Pictures are to be left out, and only the lines from the one with "レターバックナンバー Letter BACK" through the last line of the listing below are to be repeated exactly.

** Supplied material follows **

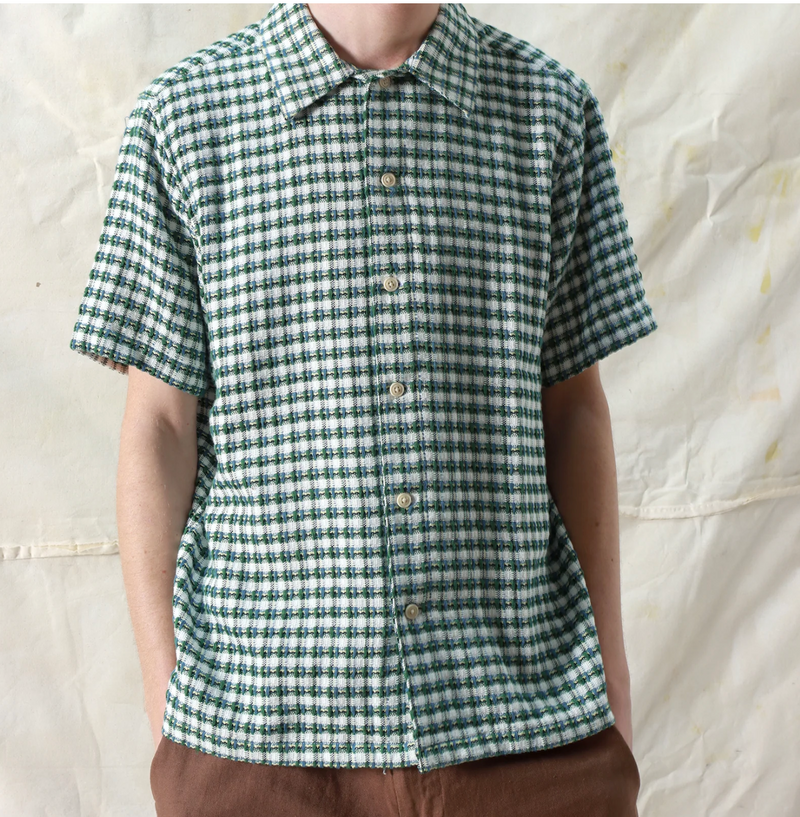 Far Afield Tropical Green "Busey" Dobby Check Shirt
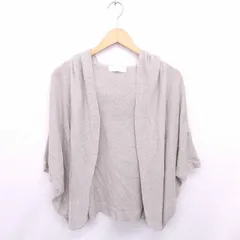 レターバックナンバー Letter BACK NUMBER カーディガン ニット フード トッパー 麻 リネン 五分袖 M 薄茶 ベージュ /TT31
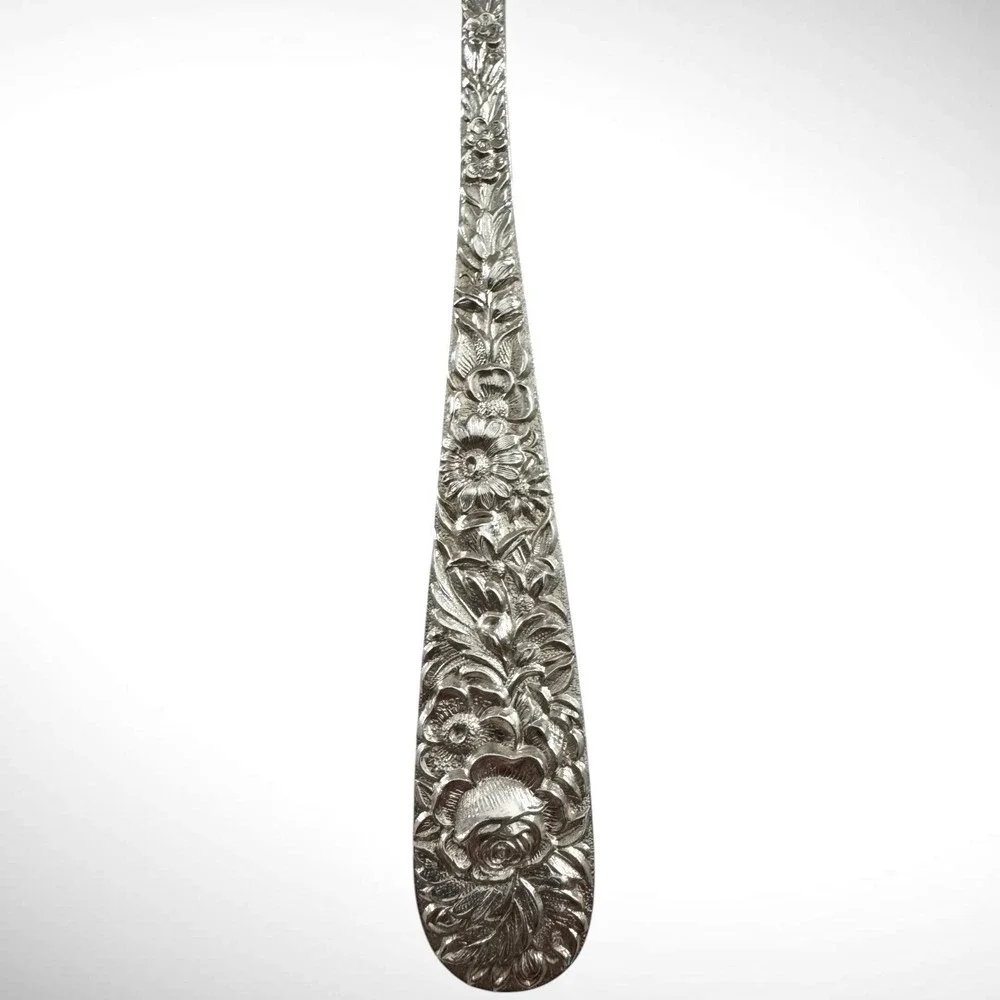 Kirk Repoussé Sterling Oval Dessert Soup Spoon S Kirk & Son Vintage 7⅛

** End of Supplied material **

▶ Task result:
 レターバックナンバー Letter BACK NUMBER カーディガン ニット フード トッパー 麻 リネン 五分袖 M 薄茶 ベージュ /TT31
 Kirk Repoussé Sterling Oval Dessert Soup Spoon S Kirk & Son Vintage 7⅛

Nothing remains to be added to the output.